Prenez le gros noyau de lassitude que couvent les transports en commun, nourrissez-le à l’engrais des mots et des couleurs, plantez tout ça dans une ville où l’ouverture d’esprit défend le street art et vous obtiendrez un terreau propice à l’éclosion d’œuvres spontanées. Philadelphie est de ces villes-là. Une entité qui, au lieu de craindre le renouveau l’embrasse, le promeut.
Quand les voyageurs du Far West de Philadelphie prennent le train de banlieue pour rejoindre le centre ville, le trajet les fait passer par voie aérienne entre les murs des bâtiments qui jalonnent la route. Les murs de ces bâtiment typiquement américains reconnaissables à leur structure géométrique de brique rouge ponctuent le voyage. Ces murs, vierges à l’origine et parfois marqués de messages publicitaires stratégiquement placés, ont quelque chose de poétique dans leur façon de marquer le territoire à traverser. C’est en tout cas ce qui semble être à l’origine du geste de Stephen Powers, artiste originaire de « Philly ».

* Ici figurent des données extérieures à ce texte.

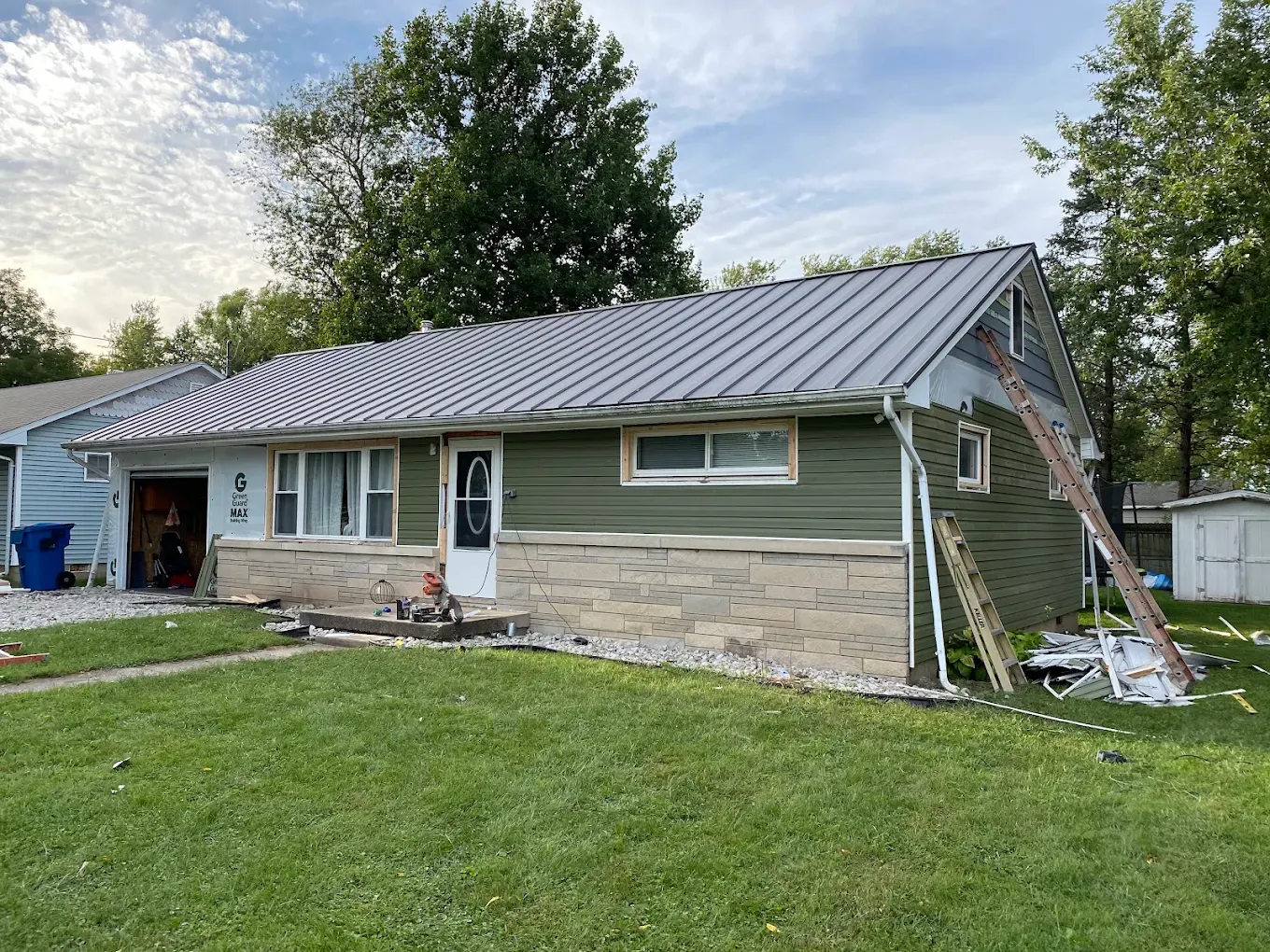 Damaged brown shingle roof with missing and torn shingles, exposing the roof underneath.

Passée la surprise de la découverte, le voyageur se retrouve quotidiennement entouré de mots doux sur son trajet. Il finit par découvrir que les messages qu’il avait pris pour une déclaration personnelle sont en fait adressés au train dans lequel il se trouve. Et cette découverte, loin d’atténuer la portée du message, vient la transformer: à travers le geste de l’artiste, il y a ce rapport universel que nous entretenons à notre quotidien et aux objets qui le ponctuent. Le « If you were here I’d be home now » (Si tu étais là je serais rentré chez moi), qui peut très bien refléter le manque amoureux, vient ici incarner la réaction d’un usager attendant son train. Le trait d’ironie qui sous-tend la plupart des peintures rend le message d’autant plus crédible qu’il n’y a pas d’amour heureux (dirait Brassens), que la saveur de toute relation est bien plus dans ces interstices que sont l’attente et l’incertitude que dans une quelconque forme d’évidence. De même qu’il n’y a pas de déclaration plus belle que celle qui vient, d’un trait d’humour, transformer la critique en remarque complice.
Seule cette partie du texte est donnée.